At one point we rounded a corner whilst walking around a headland and the wind belted into us, hammering us with the biggest drops of rain it could find. What a bastard. It was hideous, and relentless, until suddenly it just stopped. The sun made a cameo appearance… should we trust it or was it all a ruse?
The Helford Ferry is just a small boat. A few guys were milling about on the beach doing boaty stuff to boats and it turned out these were the guys who would get us across the river which was a quick and painless affair. We checked the weather forecast. It wasn’t meant to rain anymore so we risked stripping off the waterproofs and I was soaked! I expected a bit of water ingress down the front, there’s a fuck off big hole in my jacket where my head goes and the wind was hurling the rain into my face. But my back was wet too, too wet to just be sweat. Disappointing.

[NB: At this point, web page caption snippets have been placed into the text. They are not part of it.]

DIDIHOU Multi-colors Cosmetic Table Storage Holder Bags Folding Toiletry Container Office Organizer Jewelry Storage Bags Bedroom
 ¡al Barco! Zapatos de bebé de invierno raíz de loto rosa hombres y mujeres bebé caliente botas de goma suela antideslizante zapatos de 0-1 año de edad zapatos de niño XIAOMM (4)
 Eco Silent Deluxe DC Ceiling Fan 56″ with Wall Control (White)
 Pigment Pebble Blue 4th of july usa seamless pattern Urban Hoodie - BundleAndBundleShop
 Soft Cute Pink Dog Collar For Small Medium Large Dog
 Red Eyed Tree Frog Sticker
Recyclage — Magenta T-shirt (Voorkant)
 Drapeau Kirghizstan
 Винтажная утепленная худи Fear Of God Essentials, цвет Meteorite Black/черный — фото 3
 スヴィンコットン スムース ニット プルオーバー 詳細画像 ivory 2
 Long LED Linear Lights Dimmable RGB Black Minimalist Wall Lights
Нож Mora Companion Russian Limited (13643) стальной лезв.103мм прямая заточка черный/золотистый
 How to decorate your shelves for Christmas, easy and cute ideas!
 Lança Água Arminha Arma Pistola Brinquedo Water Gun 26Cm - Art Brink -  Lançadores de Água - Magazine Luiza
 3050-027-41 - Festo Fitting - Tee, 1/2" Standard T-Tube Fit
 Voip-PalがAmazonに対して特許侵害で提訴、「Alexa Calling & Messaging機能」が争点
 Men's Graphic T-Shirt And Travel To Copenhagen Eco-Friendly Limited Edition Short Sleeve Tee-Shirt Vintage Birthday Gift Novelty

Whatever. Can’t be helped now and I didn’t have time to sit around researching another jacket. Off we fucked around the coast some more. I checked my watch. How in fuck was it nearly 6pm already? The terrain itself wasn’t too awful to be fair. Enough lumps to keep it interesting but flat enough that we felt like we were making progress. I think what slowed us down was the sheer amount of thought that has to go into every footstep when the ground is made of soup and treachery.
Some of the path was so overgrown we questioned whether we were on the right track. We were, not that there was much waymarking to confirm this. Picking your way through nettles and brambles takes some of the momentum out of your stride too as you try and make it through the gauntlet with your legs intact.
Gillan Creek is one of those low tide/high tide choose your own adventure sections. If the tide is low enough, stepping stones magically appear and you can hop across them to Flushing, shaving a mile and a half off your day. The tide was in when we rocked up but we knew it would be as we needed a higher tide to catch the ferry. We knew we’d be walking around.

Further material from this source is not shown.